Dave Matthews singles chronology
| "Eh Hee" (2007) | "I'm Alive" (2009) |  |

= I'm Alive (Willie Nelson song) =

"I'm Alive" is a song co-written and recorded by American country music singer Kenny Chesney. He wrote the song with Dean Dillon and Mark Tamburino. The song was originally recorded by Willie Nelson on his album Moment of Forever, which Chesney also produced. Chesney himself later recorded it (as a duet with Dave Matthews) on his 2008 album Lucky Old Sun. This version later appeared on his 2009 compilation album Greatest Hits II, from which it was released to radio as the album's second single in August 2009.

==Song information==
Willie Nelson first recorded the song on his 2008 album Moment of Forever, which Chesney co-produced. Chesney later recorded the song as a duet with Dave Matthews on Lucky Old Sun (also released in 2008), but did not release it as a single from that album. Chesney told Country Standard Time, "It was never meant to be some kind of a message — except to maybe myself[…]It's one thing when Willie Nelson at 70 sings it, and something totally different when Dave and I do. One is from a place of really knowing; for us, it was more just the fact that we realize it." He also said that he was inspired to write the song after his divorce from actress Renée Zellweger: "Writing that song was a release. It was the best I'd felt in a long time after I wrote that song."

Chesney's version of the song is set in the key of E major, with a vocal range from B3 to F5 and a main chord progression of E-E+/G-A-Am. It is primarily accompanied by acoustic guitar, organ, and light percussion.

==Critical reception==
CM Wilcox of The 9513 gave the song a “thumbs-down” review. He said that the song had "somewhat ambitious" lyrics, and made note of Matthews' vocal performance, but said that Chesney sounded like a "workaday singer" and that the duet did not have a sense of interplay between the two vocalists. In his review of Lucky Old Sun, J. Freedom Du Lac of The Washington Post said, "The song is supposed to be an anthem about strength and survival and soldiering on[…]Yet it sounds more like a weary wish than a declaration," and an uncredited review in the Hartford Courant said that it "may be the plainest thing Matthews has ever done." Matt Bjorke of Roughstock gave a favorable review, describing the song as "a genuine reflection[…]about the way they choose to live their lives."

==Chart performance==
As an album cut from Lucky Old Sun, "I'm Alive" spent one week at number 55 on the U.S. Billboard Hot Country Songs chart. The song later appeared on Chesney's Greatest Hits II compilation a year afterward, and was released in August as that album's second single. It re-entered at number 41 on the same chart dated for the week of August 15, 2009, ahead of the song's announced release date of August 17.

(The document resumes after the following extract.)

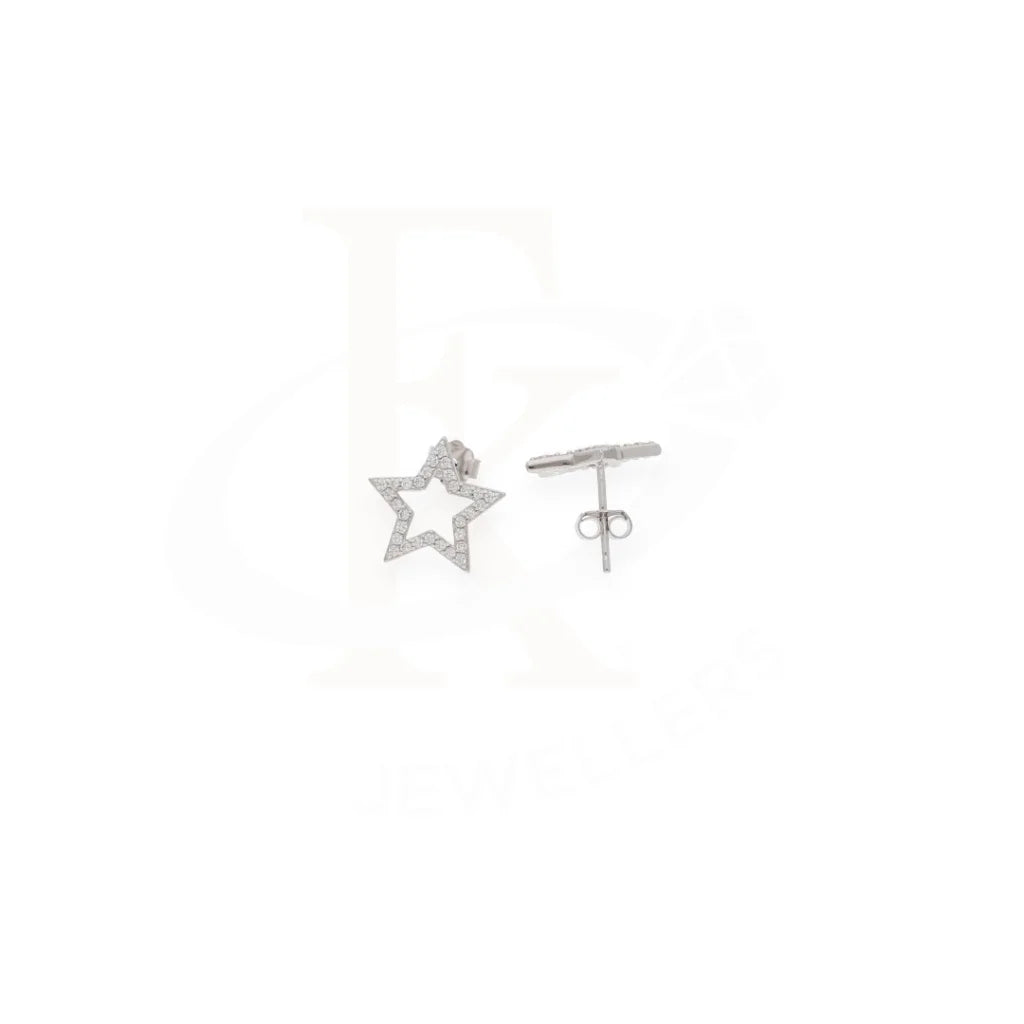 Sterling Silver 925 Star Stud Cubic Zircon Earrings - Fkjernsl8000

| Chart (2008) | Peak position |
|---|---|
| US Hot Country Songs (Billboard) | 55 |
| US Billboard Bubbling Under Hot 100 | 18 |
| Chart (2009) | Peak position |
| US Hot Country Songs (Billboard) | 6 |
| US Billboard Hot 100 | 32 |
| Canada Country (Billboard) | 6 |
| Canada Hot 100 (Billboard) | 73 |

===Year-end charts===

| Chart (2009) | Position |
|---|---|
| US Country Songs (Billboard) | 44 |

== Certifications ==

| Region | Certification | Certified units/sales |
| United States (RIAA) | Gold | 500,000^{‡} |
^{‡} Sales+streaming figures based on certification alone.